Schreiner – ein Leben lang

Hans Neuenschwander (90) kehrte im ersten Lockdown 2020 von seiner Kanadareise zurück in die Schweiz. Bild: Franziska Herren

Hans Neuenschwander sitzt in der Stube seines Einfamilienhauses in Aarburg AG und blickt in den sonnigen Herbstnachmittag. Eine Nachbarskatze spaziert durch den Garten, in dem noch die letzten dunkelblauen Trauben an den Reben hängen. «Eine der schönsten Erinnerungen ist, wie meine Frau und ich dieses Haus bauten. Sie erwartete damals das dritte Kind», erzählt Neuenschwander strahlend. Eine grauhaarige Frau lächelt in einem eingerahmten Foto vom Stubentisch. «Das ist Heidi, meine Frau. Sie ist letztes Jahr gestorben.» Mit 73 Jahren machten sich bei ihr Anzeichen von Demenz bemerkbar. «Die darauffolgenden Jahre waren sehr schwierig.» Neuenschwander übernahm immer mehr Aufgaben. Er lernte kochen und machte den ganzen Haushalt. Daneben führte er seine Schreinerei, die er erst dieses Jahr aufgab – mit 90 Jahren. Neuenschwander ist ein quirliger Mann, mit einem wachen Geist und einer beeindruckenden Lebensgeschichte. Zusammen mit vier Geschwistern wuchs er auf einem kleinen Bauernbetrieb auf. Im Haus gab es kein fliessendes Wasser und gewaschen wurde draussen an einem Sodbrunnen. Als Neuenschwander acht Jahre alt war, brach der Zweite Weltkrieg aus. Sein Vater rückte in den Dienst ein und die Arbeit mit Vieh und Hühnern fiel dem kleinen Hans zu.

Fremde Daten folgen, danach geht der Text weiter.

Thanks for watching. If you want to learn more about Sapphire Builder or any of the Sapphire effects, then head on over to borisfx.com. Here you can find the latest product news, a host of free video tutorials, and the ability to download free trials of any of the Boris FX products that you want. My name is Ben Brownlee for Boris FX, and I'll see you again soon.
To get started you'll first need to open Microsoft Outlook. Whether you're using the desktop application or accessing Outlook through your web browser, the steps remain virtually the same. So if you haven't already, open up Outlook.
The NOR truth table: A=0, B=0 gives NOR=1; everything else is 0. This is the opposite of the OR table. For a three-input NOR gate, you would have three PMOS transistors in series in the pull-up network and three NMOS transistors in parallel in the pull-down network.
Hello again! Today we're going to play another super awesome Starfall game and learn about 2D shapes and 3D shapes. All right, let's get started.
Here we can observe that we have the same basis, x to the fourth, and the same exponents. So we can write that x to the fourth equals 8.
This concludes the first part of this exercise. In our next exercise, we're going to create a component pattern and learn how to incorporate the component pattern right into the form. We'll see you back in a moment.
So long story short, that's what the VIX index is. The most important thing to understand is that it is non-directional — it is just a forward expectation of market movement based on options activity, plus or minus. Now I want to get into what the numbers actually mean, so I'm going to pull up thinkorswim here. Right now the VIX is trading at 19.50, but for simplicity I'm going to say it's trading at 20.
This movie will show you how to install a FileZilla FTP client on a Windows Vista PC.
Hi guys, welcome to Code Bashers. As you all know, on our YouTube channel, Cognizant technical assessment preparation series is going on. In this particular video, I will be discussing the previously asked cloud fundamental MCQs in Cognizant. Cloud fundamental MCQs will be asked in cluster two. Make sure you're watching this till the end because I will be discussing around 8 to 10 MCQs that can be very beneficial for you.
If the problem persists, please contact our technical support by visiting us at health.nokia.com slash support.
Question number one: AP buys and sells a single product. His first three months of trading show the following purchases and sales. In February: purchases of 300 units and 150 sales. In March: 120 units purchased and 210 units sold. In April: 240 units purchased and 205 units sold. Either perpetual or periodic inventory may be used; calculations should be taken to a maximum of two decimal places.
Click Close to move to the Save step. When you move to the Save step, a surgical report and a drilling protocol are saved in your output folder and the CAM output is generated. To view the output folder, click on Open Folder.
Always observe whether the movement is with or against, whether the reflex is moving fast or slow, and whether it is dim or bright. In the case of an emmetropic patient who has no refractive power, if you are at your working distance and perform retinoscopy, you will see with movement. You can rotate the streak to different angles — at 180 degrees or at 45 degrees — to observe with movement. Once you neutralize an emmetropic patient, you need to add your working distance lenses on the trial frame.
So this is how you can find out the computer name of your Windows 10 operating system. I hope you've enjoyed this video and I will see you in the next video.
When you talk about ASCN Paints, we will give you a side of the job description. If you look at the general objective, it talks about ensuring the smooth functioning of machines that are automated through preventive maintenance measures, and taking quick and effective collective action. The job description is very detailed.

«Ich stand jeden Tag um halb fünf auf, besorgte den Hof, bis die Schule begann», schildert er. Daneben half er einer Bauernfamilie in der Nachbarschaft beim Säen, Pflanzen und Ernten. «Ich verdiente zwanzig Rappen pro Tag. Meist gab es noch einen Franken Trinkgeld.» Dieses Geld lieferte er seiner Mutter ab, die sich mit ihren fünf Kindern durch die Kriegsjahre kämpfte. «Wir mussten richtig unten durch.»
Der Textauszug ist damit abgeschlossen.